#### WORK ITEM
Starting at the line that contains "propiamente dicha entre los", transcribe every remaining line of the data below exactly, and omit all pictures.

[Short text fragments from websites]
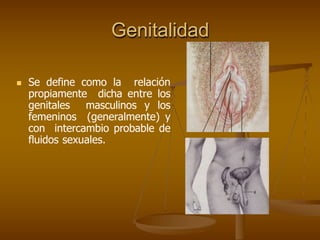 Genitalidad
 Se define como la relación
propiamente dicha entre los
genitales masculinos y los
femeninos (generalmente) y
con intercambio probable de
fluidos sexuales.
 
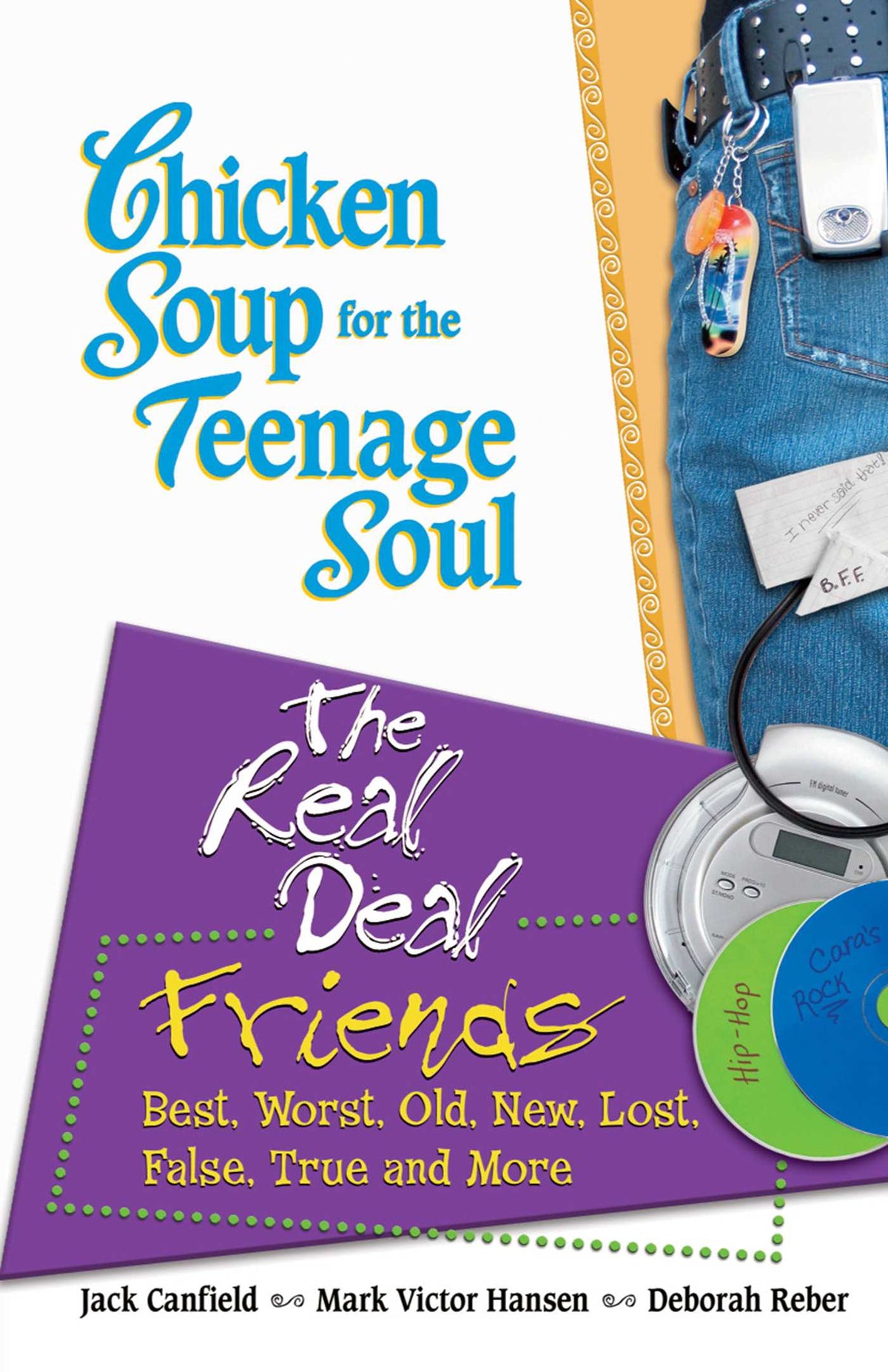 Chicken Soup for the Teenage Soul: The Real Deal Friends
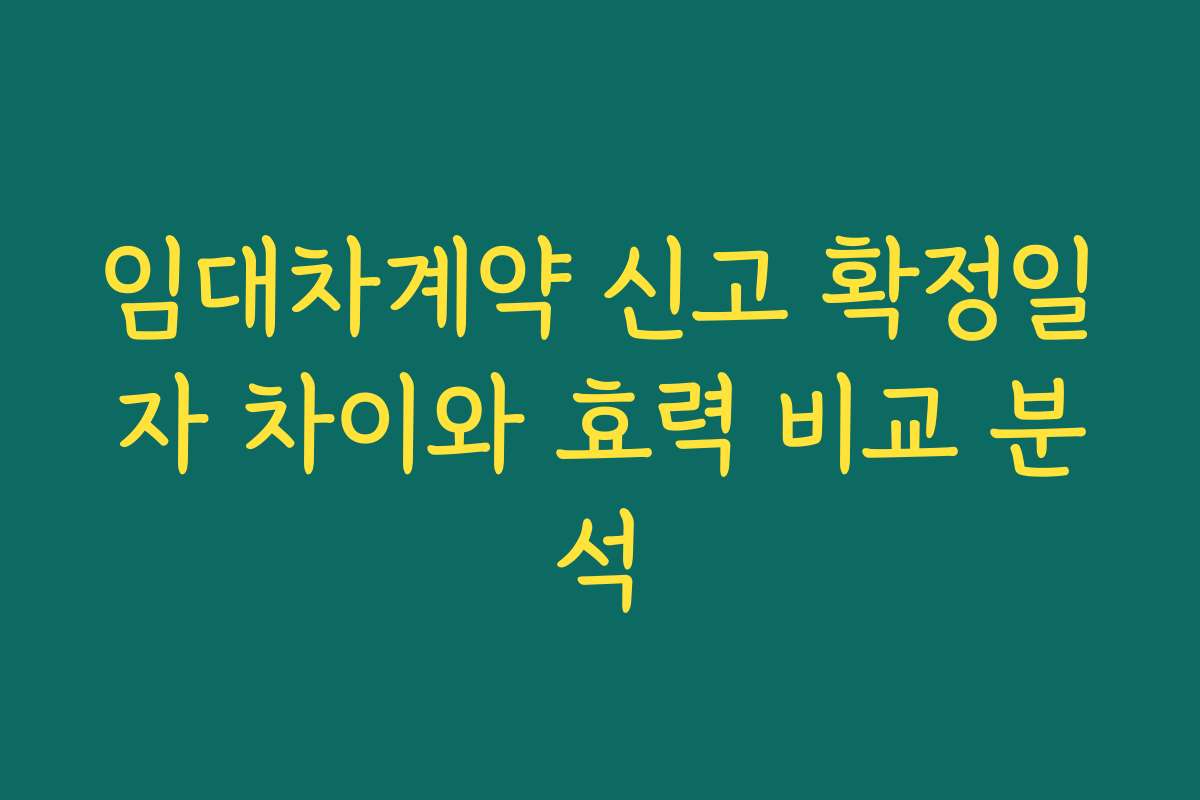 임대차계약 신고 확정일자 차이와 효력 비교 분석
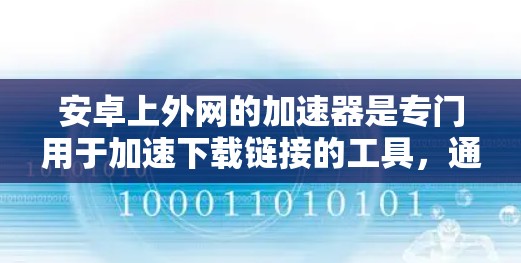 安卓上外网的加速器是专门用于加速下载链接的工具，通常用于下载高速网络资源或视频。以下是关于安卓上外网加速器的详细信息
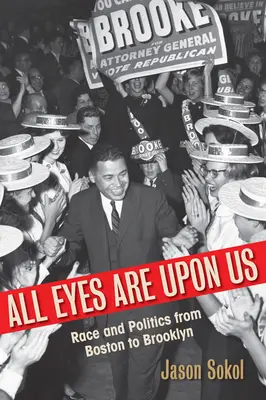Všetky oči sú upreté na nás: Rasa a politika od Bostonu po Brooklyn - All Eyes Are Upon Us: Race and Politics from Boston to Brooklyn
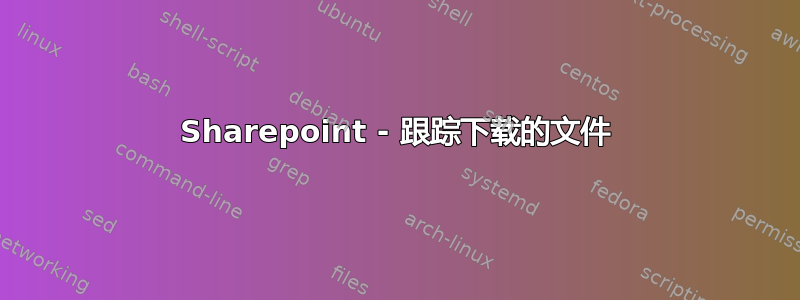 Sharepoint - 跟踪下载的文件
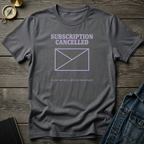 Subscription cancelled T‑Shirt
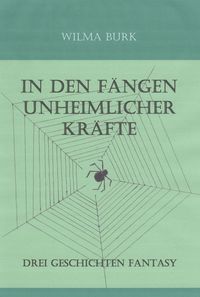 Produktbild: In den F&auml;ngen unheimlicher Kr&auml;fte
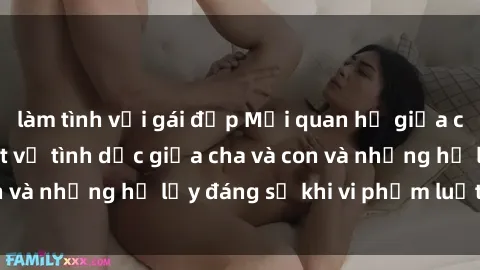 làm tình với gái đẹp Mối quan hệ giữa cha và con: Sự thật về tình dục giữa cha và con và những hệ lụy đáng sợ khi vi phạm luật pháp.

#### RESULT OF THE TASK
propiamente dicha entre los
genitales masculinos y los
femeninos (generalmente) y
con intercambio probable de
fluidos sexuales.
 
 Chicken Soup for the Teenage Soul: The Real Deal Friends
 임대차계약 신고 확정일자 차이와 효력 비교 분석
 安卓上外网的加速器是专门用于加速下载链接的工具，通常用于下载高速网络资源或视频。以下是关于安卓上外网加速器的详细信息
Všetky oči sú upreté na nás: Rasa a politika od Bostonu po Brooklyn - All Eyes Are Upon Us: Race and Politics from Boston to Brooklyn
 Sharepoint - 跟踪下载的文件
 Subscription cancelled T‑Shirt
 Produktbild: In den F&auml;ngen unheimlicher Kr&auml;fte
 làm tình với gái đẹp Mối quan hệ giữa cha và con: Sự thật về tình dục giữa cha và con và những hệ lụy đáng sợ khi vi phạm luật pháp.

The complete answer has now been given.